━━ DATA FOR THIS EXERCISE

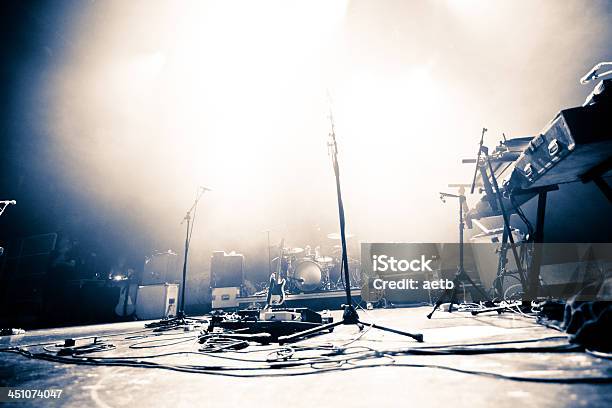 Empty Stage Littered With Musical Accessories Stock Photo - Download Image Now - Stage - Performance Space, Rock Music, Music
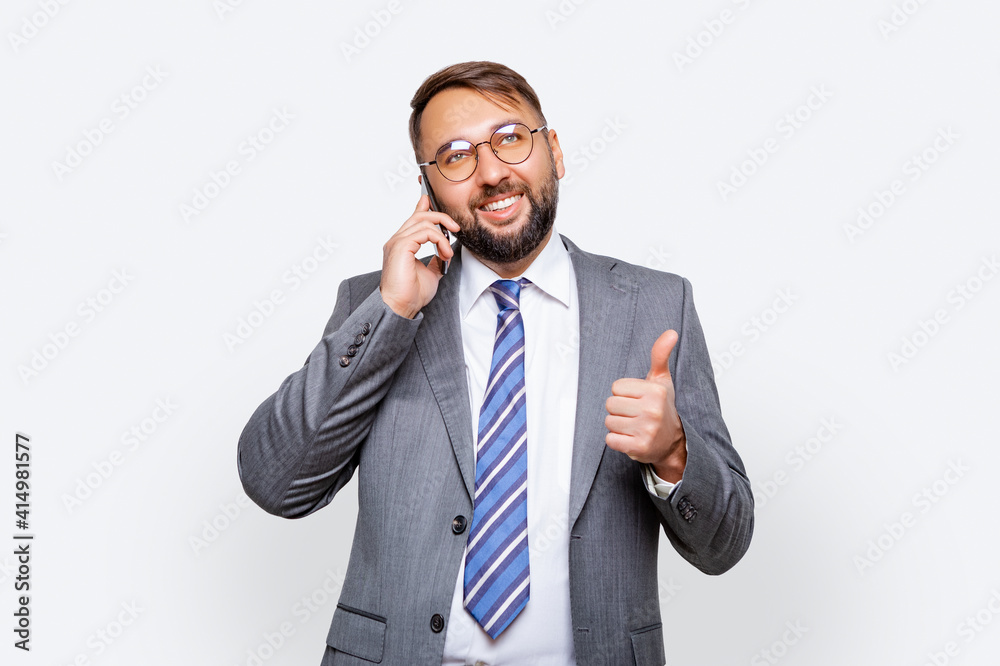 businessman wearing glasses wearing business gray suit smiling and talking on cellphone isolated. light background. businessman wearing glasses wearing business gray suit smiling and talking on cellphone isolated. light background.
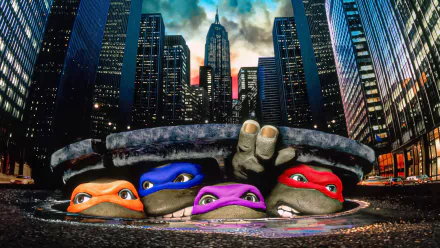 HD PC desktop wallpaper featuring Raphael, Michelangelo, Leonardo, and Donatello from the 1990 Teenage Mutant Ninja Turtles movie peeking out of a city manhole.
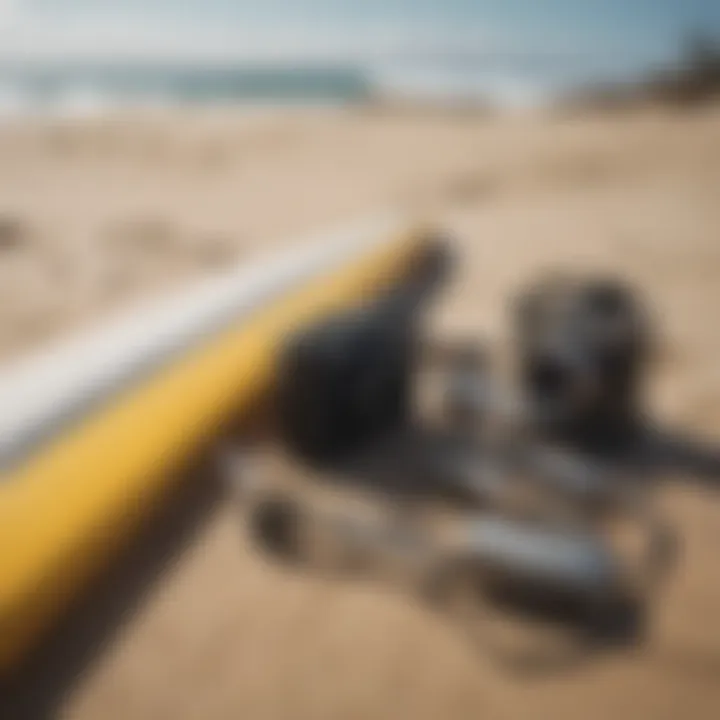 Close-up of surf gear and accessories on the sand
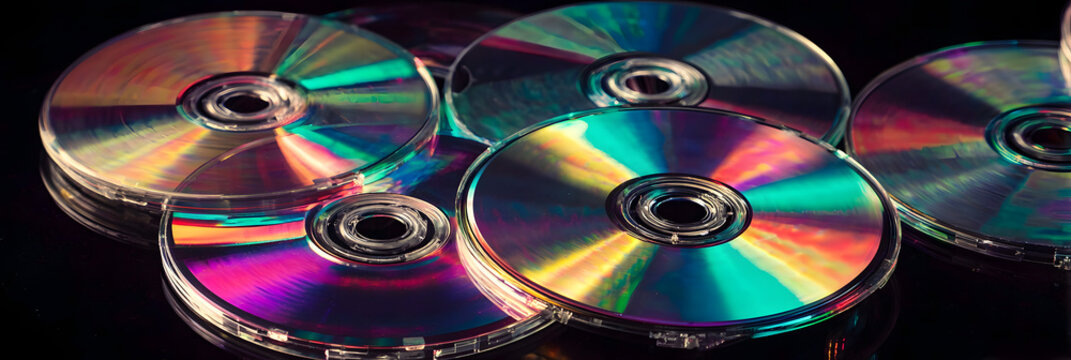 Isolated retro compact disc (CDs), digital video discs (DVD) or CD-ROM. Vintage 90s and 2000s computer technology, music or film media concept graphic or background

━━━━

WHAT IS REQUIRED -
From the records given above, reproduce all text exactly and exclude each picture.

WRITTEN SOLUTION -
 Empty Stage Littered With Musical Accessories Stock Photo - Download Image Now - Stage - Performance Space, Rock Music, Music
 businessman wearing glasses wearing business gray suit smiling and talking on cellphone isolated. light background. businessman wearing glasses wearing business gray suit smiling and talking on cellphone isolated. light background.
 HD PC desktop wallpaper featuring Raphael, Michelangelo, Leonardo, and Donatello from the 1990 Teenage Mutant Ninja Turtles movie peeking out of a city manhole.
 Close-up of surf gear and accessories on the sand
 Isolated retro compact disc (CDs), digital video discs (DVD) or CD-ROM. Vintage 90s and 2000s computer technology, music or film media concept graphic or background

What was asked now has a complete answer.